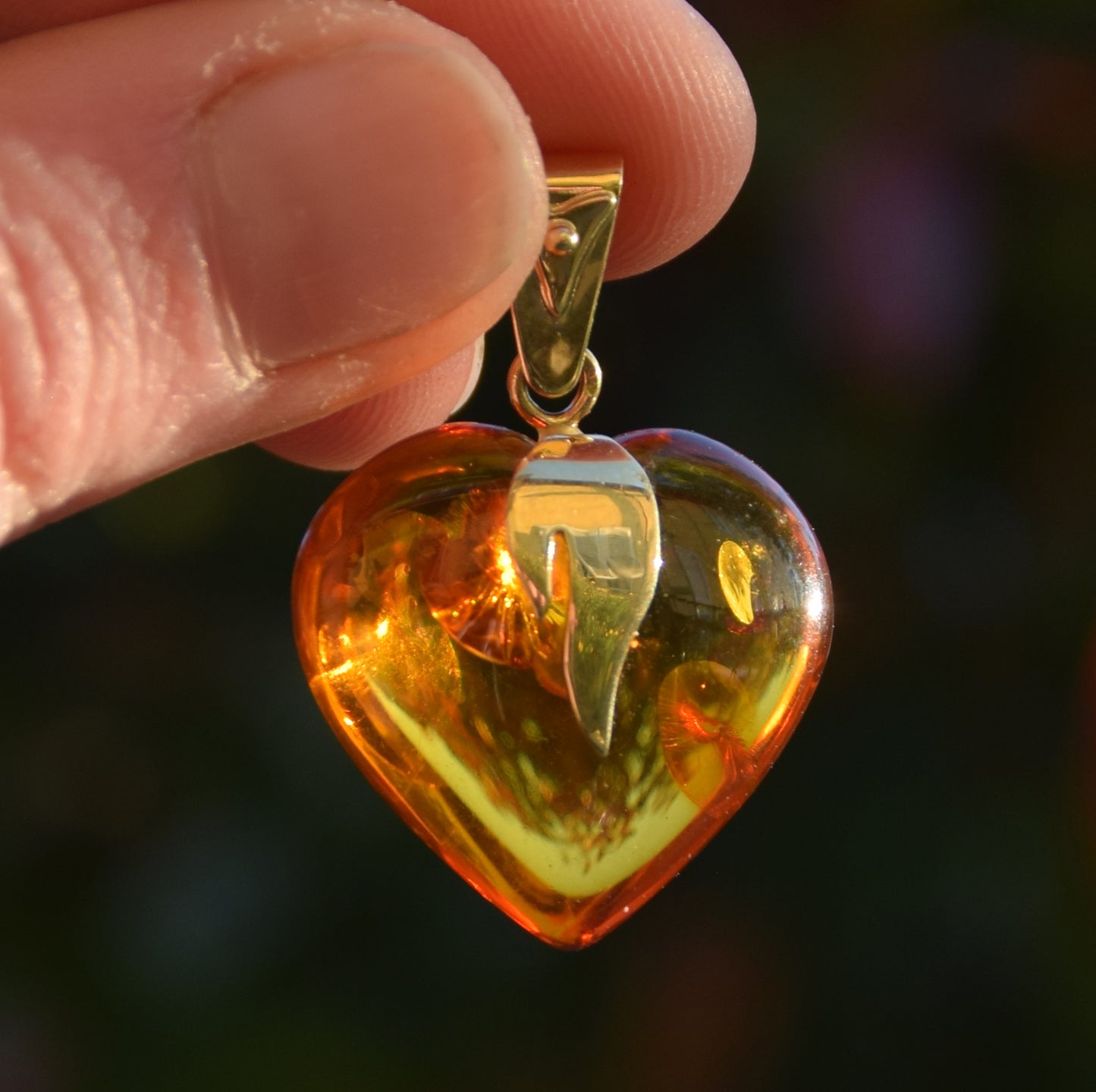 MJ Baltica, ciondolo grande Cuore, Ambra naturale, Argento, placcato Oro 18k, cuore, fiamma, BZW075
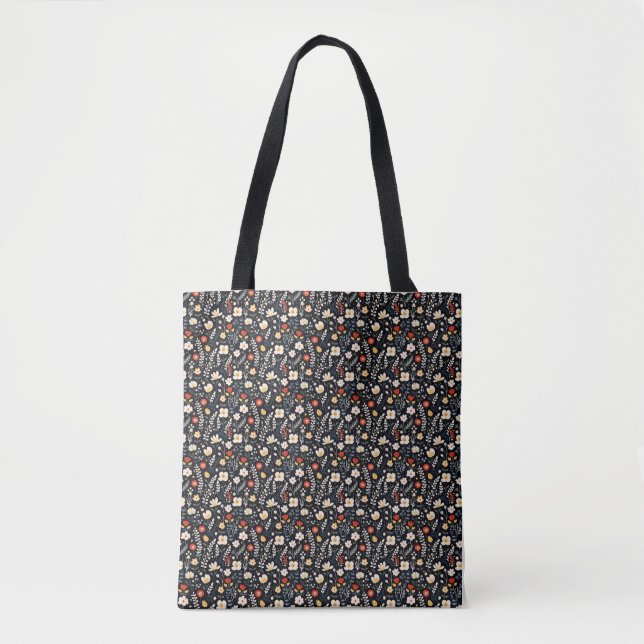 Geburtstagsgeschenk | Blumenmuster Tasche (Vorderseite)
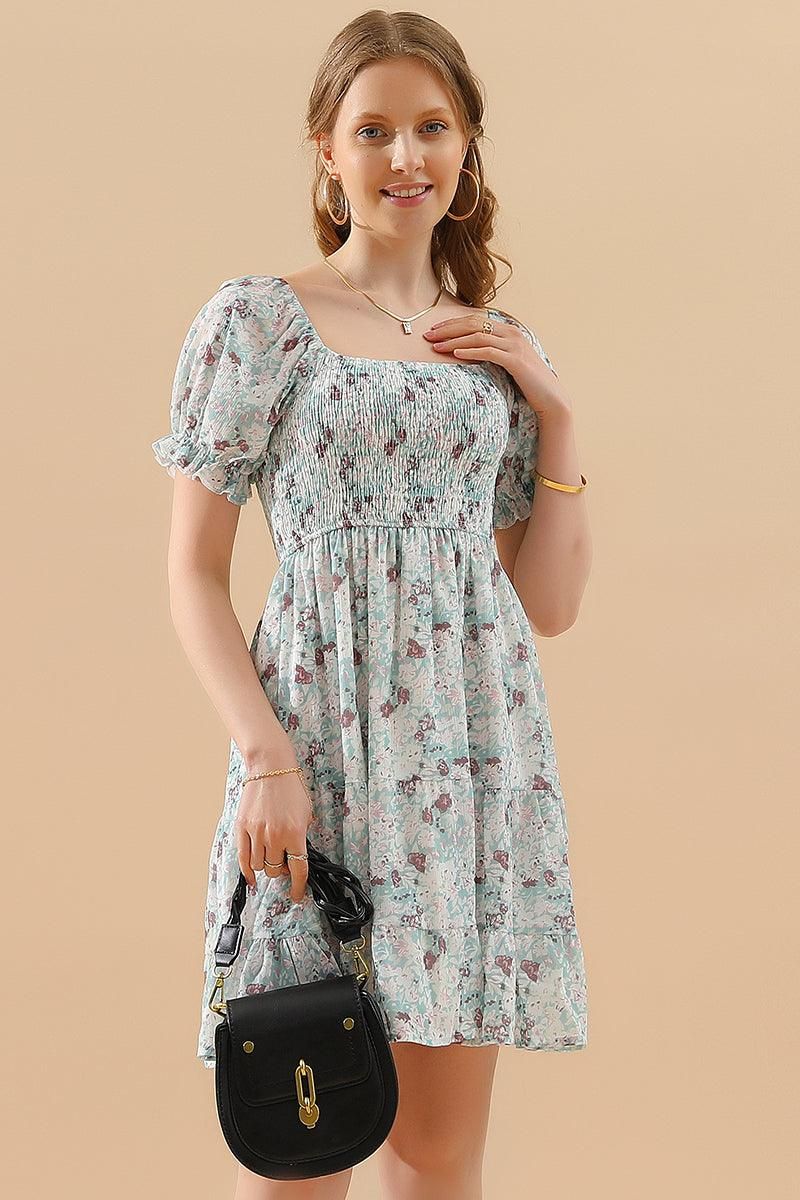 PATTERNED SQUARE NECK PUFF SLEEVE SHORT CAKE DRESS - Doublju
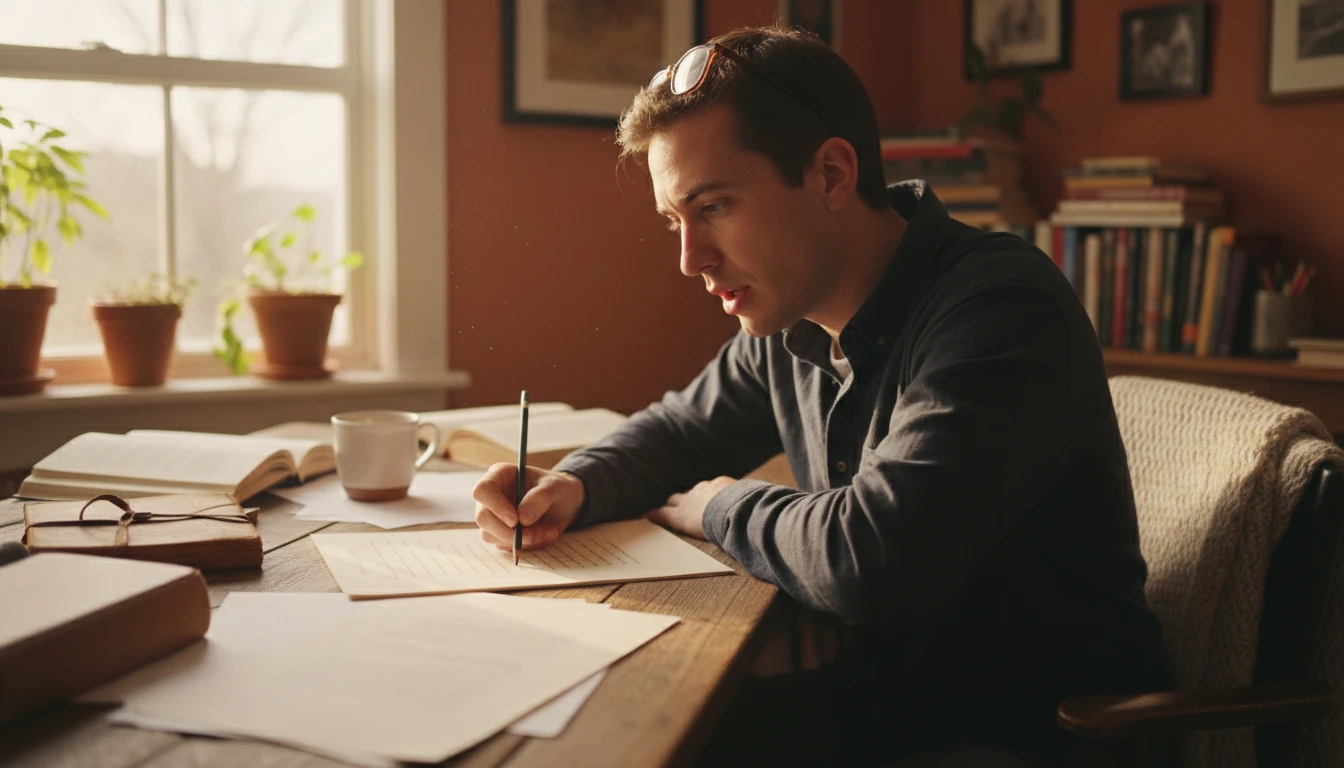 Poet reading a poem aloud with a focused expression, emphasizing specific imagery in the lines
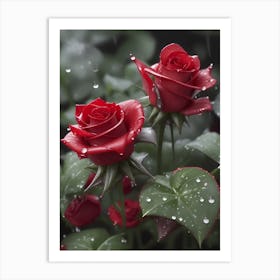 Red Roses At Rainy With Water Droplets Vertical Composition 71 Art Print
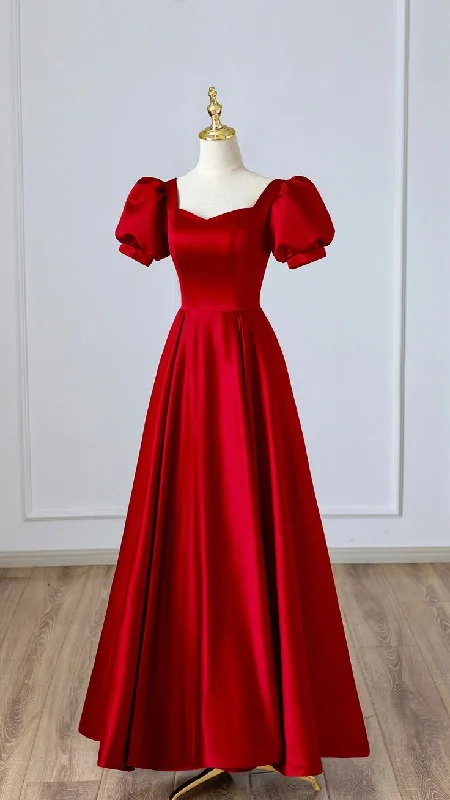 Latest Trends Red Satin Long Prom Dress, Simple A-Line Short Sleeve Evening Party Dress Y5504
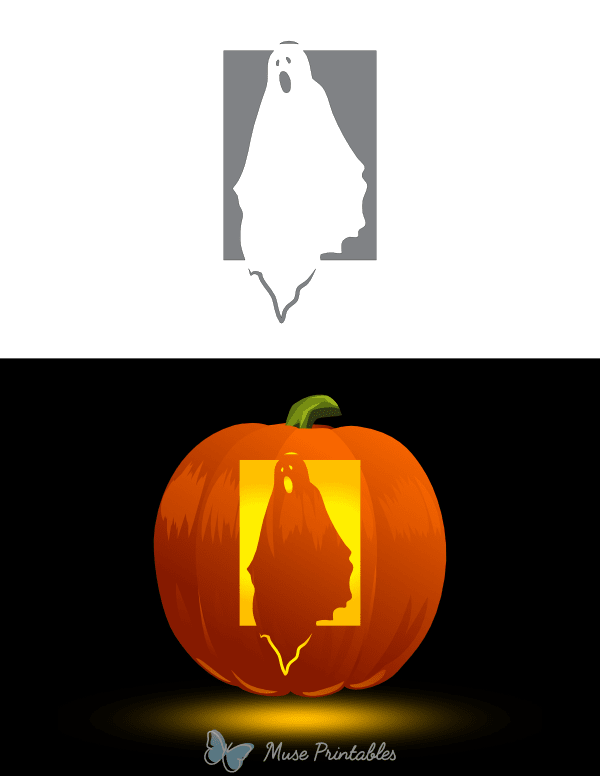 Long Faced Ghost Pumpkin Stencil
- - -
Both ends included, copy the lines from the one holding "PATTERNED SQUARE NECK" to the last line of the entries exactly, with all pictures left out.

 PATTERNED SQUARE NECK PUFF SLEEVE SHORT CAKE DRESS - Doublju
 Poet reading a poem aloud with a focused expression, emphasizing specific imagery in the lines
 Red Roses At Rainy With Water Droplets Vertical Composition 71 Art Print
 Latest Trends Red Satin Long Prom Dress, Simple A-Line Short Sleeve Evening Party Dress Y5504
 Long Faced Ghost Pumpkin Stencil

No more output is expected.